Seperti diketahui, harga garam petambak lokal kerap anjlok seiring adanya kuota impor garam industri. Brahmantya menyebut, impor garam industri yang masif tersebut riskan terhadap kebocoran garam konsumsi di pasaran. Menurut dia, penggunaan garam lokal bagi industri bisa dimungkinkan asalkan ada keberpihakan dan kerja sama yang solid.
“Yang rembes-rembes itu kan garam impornya juga ada, kita tahu lah. Makanya kita perlu beri akses industri ke petambak kita, ini soal keberpihakan saja kok,” kata dia.

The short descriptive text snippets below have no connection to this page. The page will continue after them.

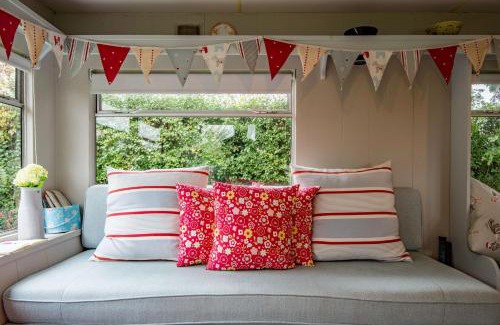 Stuppington House | Family-Friendly Retreat at The HoneyPot - Rated 8.5/10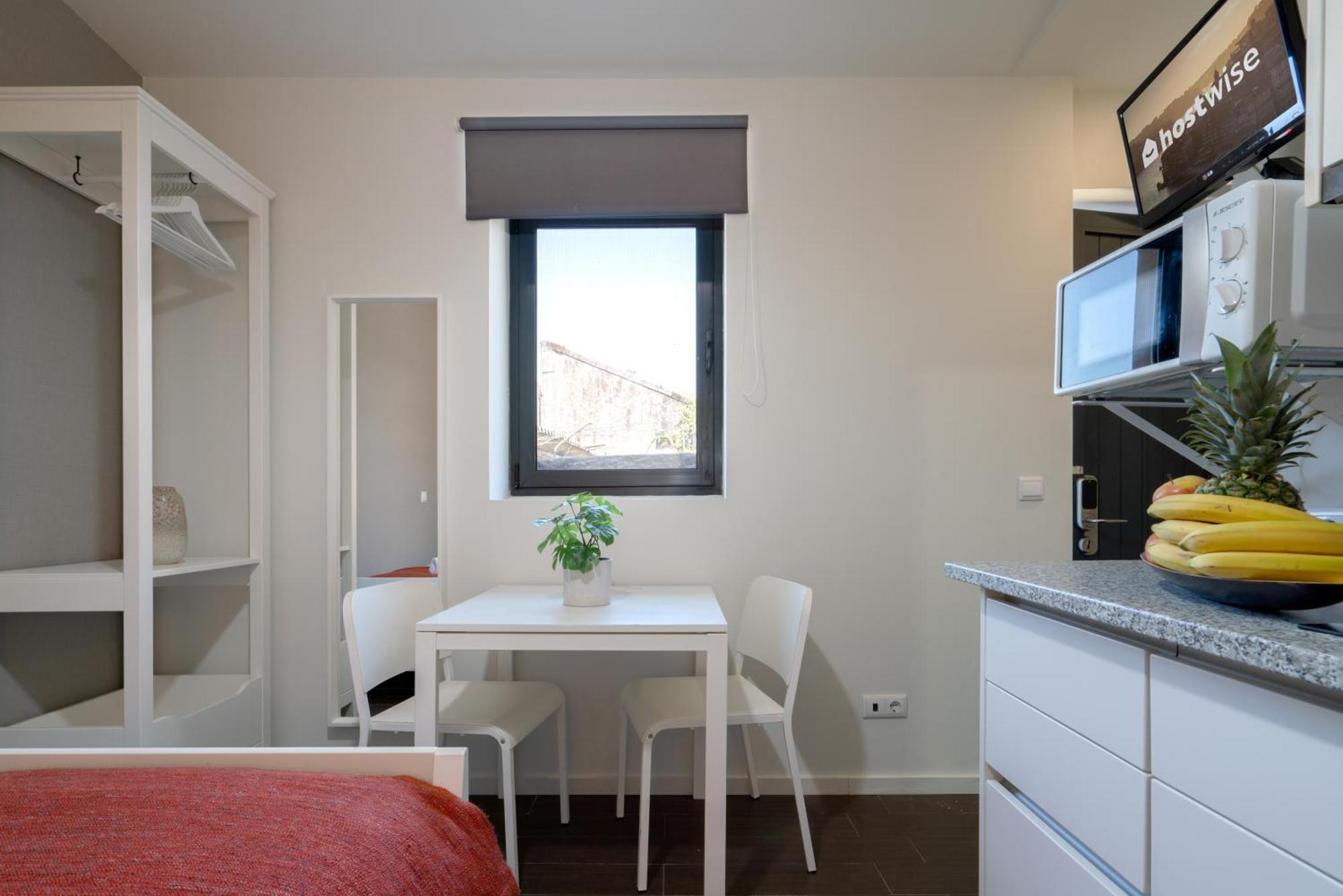 Host Wise - Impressive Restful Apartment *
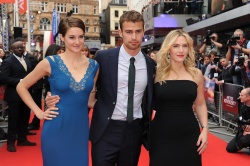 Theo James - Shailene Woodley, Kate Winslet, Theo James - на премьере фильма 'Divergent' at Odeon Leicester Square, Лондон, 30 марта 2014 (918xHQ) LI9dxyAg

Terkait dengan revisi Peraturan Presiden (Perpres) Nomor 71 Tahun 2015 yang memasukkan kembali garam menjadi barang pokok agar bisa ditetapkan harga acuannya masih menunggu keputusan Presiden Joko Widodo. Pihaknya menyebut sejauh ini keputusan teknis itu masih digodok di Kemendag dan bakal dikomunikasikan lebih jauh kepada KKP jika terdapat hal yang perlu dikordinasikan secara teknis.
Sambil menunggu itu, dia menyebut pemerintah perlu bersama-sama menjalin keberpihakan yang konkret bagi petambak lokal. Dia meminta kepada Kemenperin untuk membuka akses bagi petambak ke sektor industri.
Sekretaris Jenderal Persatuan Petambak Garam Indonesia (PPGI) Waji Fatah Fadhilah mengakui, minimnya akses informasi terhadap sektor industri membuat petambak lokal sulit menjual hasil produksi garamnya. Padahal, kata dia, petambak lokal mengklaim mampu bersaing baik secara harga dan kualitas.
"Kalau ada aksesnya, kami siap bersaing. Dari harga dan kualitas," kata Waji.
Minimnya akses ke dunia industri bagi petambak bukan berarti tak ada satu pun petambak yang menjalin kerja sama dengan sektor industri pabrikan. Menurut dia, dengan kualitas Garam Premium Lokal (GPL) petambak dapat masuk ke dunia industri.